Saturday, 2 June 2018

Chris Rea - Dancing Down The Stony Road (2002)

  

Released September 2002

In many ways this was the forerunner of the monumental “Blue Guitars” project. This was the album which saw Chris Rea change direction from his radio-friendly, “easy listening” style which had dominated his output in the late 1980s and 1990s to a style which saw him mine the rich seam of his beloved blues.

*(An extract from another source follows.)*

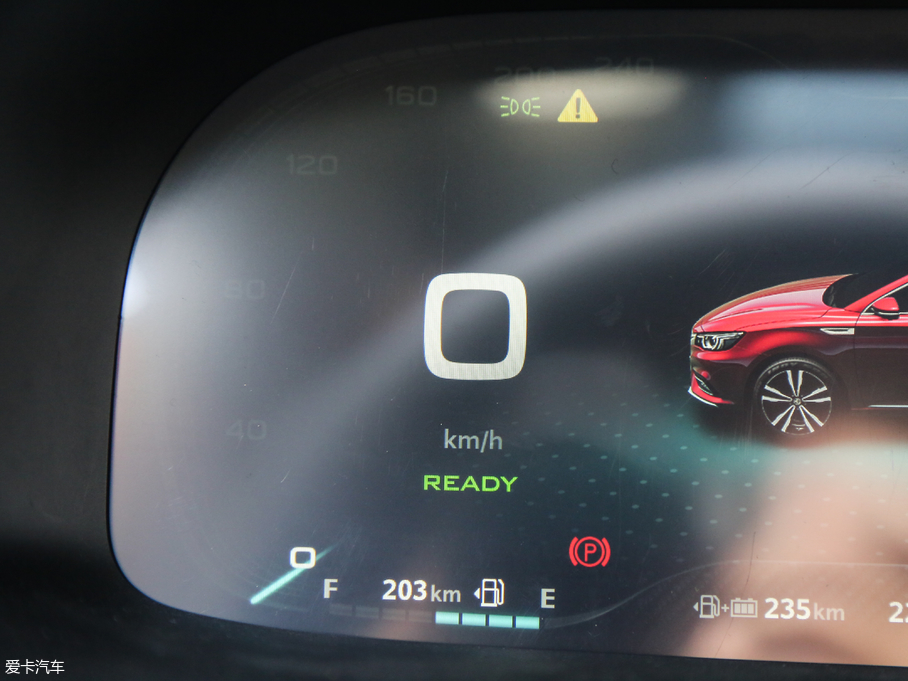 2018MG6Դ 45T E-DRIVE PILOTW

This is a double album, and is maybe just a bit too sprawling (as double albums usually are) but there is some quality blues rock on here - “Heading For The City” with some trademark red hot slide guitar on it, “Mississippi 2”, “Easy Rider”, “Dancing The Blues Away”, the swamp blues of “Catfish Girl” (which would appear again on “Blue Guitars”), and the evocative, soulful “Stony Road”. “So Lonely” is a mournful slow blues, as indeed is the almost spiritual “Ride On”. “When The Good Lord Talked To Jesus” is another spiritual-influenced heartfelt, yearning blues. “Sun Is Rising” starts as a slow lament of a blues and ends up as an upbeat, gospel celebration, both musically and lyrically. You could easily imagine this being sung in church. Then there is the intoxicating rhythm of “Got To Be Moving On”. Check out the slide guitar on “Ain’t Going Down This Way” too.

Probably the best blues is to be found in the second half of the album’s twenty tracks. However, all of it is impressive.

Rea stated that this was very much a “Delta Blues” album as opposed to say a “Chicago Blues” one. Delta bluesmen sang of hardship, poverty, religious faith and a recognition of their own mortality, whereas their Chicago equivalents often sang of   girls, drink, drugs and money. This was a blues that reached down deep into one’s mortal soul.

Rea’s voice is so suited to these tunes - rich, deep, expressive and sad. Of course, his guitar is up there with the best in the business and the musicians he employs are always of the highest standard. Just listen to “Qualified” as an example. 

Rea also employs the trick of adding false crackling sounds to give it that blues “authenticity” on some of the tracks for the first time. 

This album began a journey into the blues that was still present on his albums in 2017, through “Blue Guitars”, “Santo Spirito Blues” to “Road Songs For Lovers”. If it were not for the huge presence of “Blue Guitars”, this would be considered Rea’s blues masterpiece.